Records from a collection
○ ○ ○ ○ ○

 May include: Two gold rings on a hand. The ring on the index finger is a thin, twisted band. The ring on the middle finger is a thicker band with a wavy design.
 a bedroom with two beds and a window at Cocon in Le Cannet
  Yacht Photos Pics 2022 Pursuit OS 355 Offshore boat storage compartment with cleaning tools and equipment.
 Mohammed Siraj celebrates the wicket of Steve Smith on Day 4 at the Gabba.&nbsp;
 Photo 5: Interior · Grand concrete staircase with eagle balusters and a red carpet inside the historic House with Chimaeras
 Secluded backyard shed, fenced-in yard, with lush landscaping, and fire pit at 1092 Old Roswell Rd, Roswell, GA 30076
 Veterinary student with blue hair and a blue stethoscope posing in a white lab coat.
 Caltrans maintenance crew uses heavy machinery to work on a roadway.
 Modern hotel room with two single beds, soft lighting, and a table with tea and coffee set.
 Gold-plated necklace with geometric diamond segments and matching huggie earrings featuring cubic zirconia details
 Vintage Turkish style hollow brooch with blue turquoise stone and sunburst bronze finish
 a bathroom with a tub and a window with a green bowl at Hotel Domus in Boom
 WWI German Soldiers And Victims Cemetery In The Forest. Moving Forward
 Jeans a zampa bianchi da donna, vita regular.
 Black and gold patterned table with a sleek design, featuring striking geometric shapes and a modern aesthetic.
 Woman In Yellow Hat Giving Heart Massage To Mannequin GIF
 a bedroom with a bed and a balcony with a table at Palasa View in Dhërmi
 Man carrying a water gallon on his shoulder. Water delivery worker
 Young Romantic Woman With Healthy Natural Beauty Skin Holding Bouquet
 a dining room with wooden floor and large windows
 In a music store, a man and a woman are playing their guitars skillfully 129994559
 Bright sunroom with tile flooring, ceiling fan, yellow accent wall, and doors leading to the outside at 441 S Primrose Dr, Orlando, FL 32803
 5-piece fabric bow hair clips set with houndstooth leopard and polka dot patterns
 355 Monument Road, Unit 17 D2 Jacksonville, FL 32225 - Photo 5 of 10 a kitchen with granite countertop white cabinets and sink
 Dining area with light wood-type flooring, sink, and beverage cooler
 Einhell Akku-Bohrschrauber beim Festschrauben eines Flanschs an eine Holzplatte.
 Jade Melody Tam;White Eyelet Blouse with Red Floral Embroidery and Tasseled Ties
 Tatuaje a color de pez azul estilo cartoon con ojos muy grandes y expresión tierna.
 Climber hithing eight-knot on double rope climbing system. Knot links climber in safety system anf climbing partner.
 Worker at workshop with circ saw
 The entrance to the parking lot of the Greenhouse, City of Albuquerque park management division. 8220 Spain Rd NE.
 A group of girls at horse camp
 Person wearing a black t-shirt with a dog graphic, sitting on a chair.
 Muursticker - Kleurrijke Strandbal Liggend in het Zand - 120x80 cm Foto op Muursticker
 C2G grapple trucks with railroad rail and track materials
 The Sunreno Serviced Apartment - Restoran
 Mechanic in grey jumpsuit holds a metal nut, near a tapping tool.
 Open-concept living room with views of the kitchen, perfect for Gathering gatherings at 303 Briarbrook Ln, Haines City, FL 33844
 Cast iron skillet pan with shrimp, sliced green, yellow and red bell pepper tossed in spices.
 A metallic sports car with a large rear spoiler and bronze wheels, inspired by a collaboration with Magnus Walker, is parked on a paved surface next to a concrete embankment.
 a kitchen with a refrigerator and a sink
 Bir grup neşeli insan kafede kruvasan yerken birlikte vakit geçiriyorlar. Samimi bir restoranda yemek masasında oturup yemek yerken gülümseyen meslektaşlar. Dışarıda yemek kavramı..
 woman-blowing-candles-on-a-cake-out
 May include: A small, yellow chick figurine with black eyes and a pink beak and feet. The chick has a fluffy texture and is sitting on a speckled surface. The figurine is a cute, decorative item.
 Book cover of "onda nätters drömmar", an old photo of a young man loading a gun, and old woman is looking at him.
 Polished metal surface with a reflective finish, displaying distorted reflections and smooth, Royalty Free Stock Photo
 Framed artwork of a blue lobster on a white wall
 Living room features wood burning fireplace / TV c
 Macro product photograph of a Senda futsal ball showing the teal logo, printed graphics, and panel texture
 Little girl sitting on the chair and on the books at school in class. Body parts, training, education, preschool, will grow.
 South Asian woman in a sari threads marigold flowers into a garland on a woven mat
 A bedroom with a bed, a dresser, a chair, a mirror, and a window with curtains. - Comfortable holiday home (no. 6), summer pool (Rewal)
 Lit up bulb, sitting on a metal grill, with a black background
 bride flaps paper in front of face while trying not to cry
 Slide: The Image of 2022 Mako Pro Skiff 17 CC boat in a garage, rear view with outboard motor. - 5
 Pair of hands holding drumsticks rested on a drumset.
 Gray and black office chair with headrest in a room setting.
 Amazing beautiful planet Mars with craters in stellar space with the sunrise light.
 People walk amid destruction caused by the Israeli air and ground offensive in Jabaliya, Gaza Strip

○ ○ ○ ○ ○

- **Task prompt**
An exact repeat of all the records is required.

- **Final answer**
 May include: Two gold rings on a hand. The ring on the index finger is a thin, twisted band. The ring on the middle finger is a thicker band with a wavy design.
 a bedroom with two beds and a window at Cocon in Le Cannet
  Yacht Photos Pics 2022 Pursuit OS 355 Offshore boat storage compartment with cleaning tools and equipment.
 Mohammed Siraj celebrates the wicket of Steve Smith on Day 4 at the Gabba.&nbsp;
 Photo 5: Interior · Grand concrete staircase with eagle balusters and a red carpet inside the historic House with Chimaeras
 Secluded backyard shed, fenced-in yard, with lush landscaping, and fire pit at 1092 Old Roswell Rd, Roswell, GA 30076
 Veterinary student with blue hair and a blue stethoscope posing in a white lab coat.
 Caltrans maintenance crew uses heavy machinery to work on a roadway.
 Modern hotel room with two single beds, soft lighting, and a table with tea and coffee set.
 Gold-plated necklace with geometric diamond segments and matching huggie earrings featuring cubic zirconia details
 Vintage Turkish style hollow brooch with blue turquoise stone and sunburst bronze finish
 a bathroom with a tub and a window with a green bowl at Hotel Domus in Boom
 WWI German Soldiers And Victims Cemetery In The Forest. Moving Forward
 Jeans a zampa bianchi da donna, vita regular.
 Black and gold patterned table with a sleek design, featuring striking geometric shapes and a modern aesthetic.
 Woman In Yellow Hat Giving Heart Massage To Mannequin GIF
 a bedroom with a bed and a balcony with a table at Palasa View in Dhërmi
 Man carrying a water gallon on his shoulder. Water delivery worker
 Young Romantic Woman With Healthy Natural Beauty Skin Holding Bouquet
 a dining room with wooden floor and large windows
 In a music store, a man and a woman are playing their guitars skillfully 129994559
 Bright sunroom with tile flooring, ceiling fan, yellow accent wall, and doors leading to the outside at 441 S Primrose Dr, Orlando, FL 32803
 5-piece fabric bow hair clips set with houndstooth leopard and polka dot patterns
 355 Monument Road, Unit 17 D2 Jacksonville, FL 32225 - Photo 5 of 10 a kitchen with granite countertop white cabinets and sink
 Dining area with light wood-type flooring, sink, and beverage cooler
 Einhell Akku-Bohrschrauber beim Festschrauben eines Flanschs an eine Holzplatte.
 Jade Melody Tam;White Eyelet Blouse with Red Floral Embroidery and Tasseled Ties
 Tatuaje a color de pez azul estilo cartoon con ojos muy grandes y expresión tierna.
 Climber hithing eight-knot on double rope climbing system. Knot links climber in safety system anf climbing partner.
 Worker at workshop with circ saw
 The entrance to the parking lot of the Greenhouse, City of Albuquerque park management division. 8220 Spain Rd NE.
 A group of girls at horse camp
 Person wearing a black t-shirt with a dog graphic, sitting on a chair.
 Muursticker - Kleurrijke Strandbal Liggend in het Zand - 120x80 cm Foto op Muursticker
 C2G grapple trucks with railroad rail and track materials
 The Sunreno Serviced Apartment - Restoran
 Mechanic in grey jumpsuit holds a metal nut, near a tapping tool.
 Open-concept living room with views of the kitchen, perfect for Gathering gatherings at 303 Briarbrook Ln, Haines City, FL 33844
 Cast iron skillet pan with shrimp, sliced green, yellow and red bell pepper tossed in spices.
 A metallic sports car with a large rear spoiler and bronze wheels, inspired by a collaboration with Magnus Walker, is parked on a paved surface next to a concrete embankment.
 a kitchen with a refrigerator and a sink
 Bir grup neşeli insan kafede kruvasan yerken birlikte vakit geçiriyorlar. Samimi bir restoranda yemek masasında oturup yemek yerken gülümseyen meslektaşlar. Dışarıda yemek kavramı..
 woman-blowing-candles-on-a-cake-out
 May include: A small, yellow chick figurine with black eyes and a pink beak and feet. The chick has a fluffy texture and is sitting on a speckled surface. The figurine is a cute, decorative item.
 Book cover of "onda nätters drömmar", an old photo of a young man loading a gun, and old woman is looking at him.
 Polished metal surface with a reflective finish, displaying distorted reflections and smooth, Royalty Free Stock Photo
 Framed artwork of a blue lobster on a white wall
 Living room features wood burning fireplace / TV c
 Macro product photograph of a Senda futsal ball showing the teal logo, printed graphics, and panel texture
 Little girl sitting on the chair and on the books at school in class. Body parts, training, education, preschool, will grow.
 South Asian woman in a sari threads marigold flowers into a garland on a woven mat
 A bedroom with a bed, a dresser, a chair, a mirror, and a window with curtains. - Comfortable holiday home (no. 6), summer pool (Rewal)
 Lit up bulb, sitting on a metal grill, with a black background
 bride flaps paper in front of face while trying not to cry
 Slide: The Image of 2022 Mako Pro Skiff 17 CC boat in a garage, rear view with outboard motor. - 5
 Pair of hands holding drumsticks rested on a drumset.
 Gray and black office chair with headrest in a room setting.
 Amazing beautiful planet Mars with craters in stellar space with the sunrise light.
 People walk amid destruction caused by the Israeli air and ground offensive in Jabaliya, Gaza Strip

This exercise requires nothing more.